The Other “F” Word

My new computer is awesome, but Mavericks is a little annoying. Plus I found out the hard way that we needed a new modem. I was not online for over a day (it was almost 2 days, but H fixed it). New modem will be here tomorrow, supposedly. But that’s not what I wanted to post about today.

I was talking to someone on FB about why people chose not to identify as a feminist. I don’t. I wouldn’t deny being a feminist if someone asked me. But when I’m making an “About me” section somewhere, that’s never something I claim to be.

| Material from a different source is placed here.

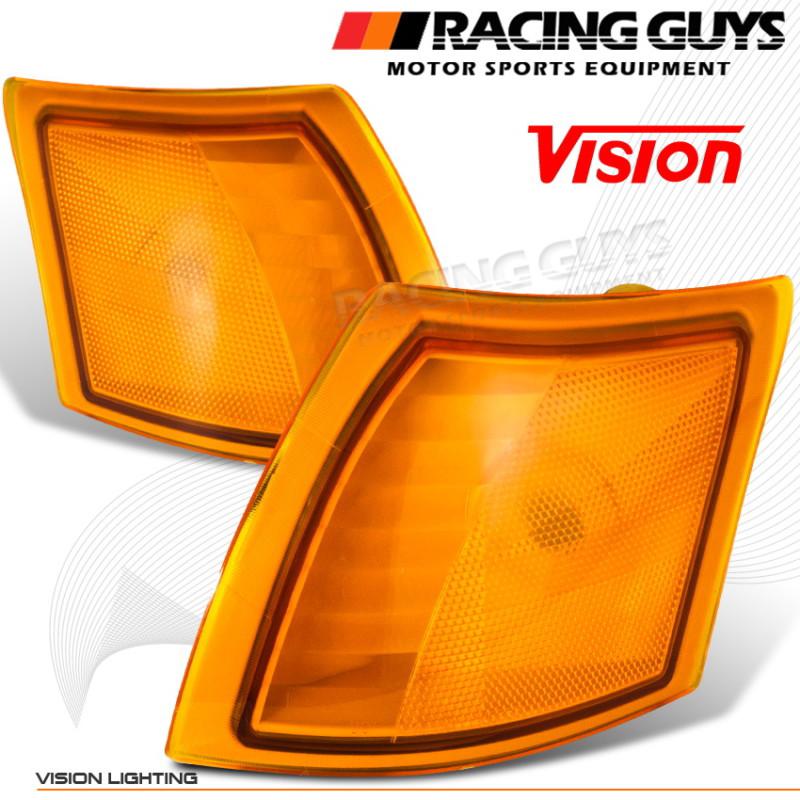 New pair amber front bumper corner turn signal lights lamps left+right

To my mind, being a feminist means you believe in equality of opportunity and access for everyone, regardless of gender. But really, the last three words are superfluous. Equality of opportunity and access for everyone is a simple concept, and one that should be the default setting for all human beings. If you aren’t doing that, if you believe some people don’t deserve the opportunities and access that you have–that’s what needs a label. That kind of malarky should be stated upfront to anyone who has to interact with you in any meaningful way.

But then…
Many outspoken feminists think it’s their right and duty to police the language, humor, and perspective of anyone who doesn’t see every issue exactly as they do. I have super strong feelings that context and intent should be part of every process by which we gauge the speech of others. But I hear a lot that if anyone’s feelings are hurt, context and intent don’t matter. I would hate to be mistaken for someone who longs to restrict the words of others, or who infers hate where none is intended. I don’t think policing language is helpful or that it’s a road to equality.

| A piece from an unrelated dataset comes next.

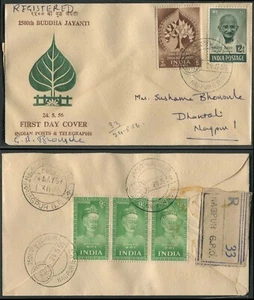 India Gandhi 12As Stamp Used On Registered Buddha Jayanti FDC - Picture 1 of 1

Discussing language is vital, and it’s everyone’s right to make people aware if their language is hurtful. People who do that should be respected, not mocked. At the same time, there’s a difference between language that is hateful and hurtful, and language that is clumsy and careless. While both can hurt, only one is intentional. Accusing and ostracizing, judging and lecturing–that’s not the way to have the kind of conversation that actually inspires change. If it’s worth it to say something, that something should be educational, informative, and kind.

Of course people also have a responsibility not to abuse language, or to use language they know damn well is hurtful or offensive to someone within earshot. Save racism, sexism, homophobia, and every other bigotry until you’re alone with your fellow bigots. Choosing to use words intended to demean, insult, minimize, or marginalize others makes you an asshole. Yes, you get freedom of speech, asshole. That’s why I have the freedom to tell you what an asshole you are.

I love language, and it pisses me off that there are people who use it to hurt others. It pisses me off that people think attempts to control language will impact the hate that inspires it. Given all the amazing things words can do, it’s a shame how some will insist on using them for destructive purposes.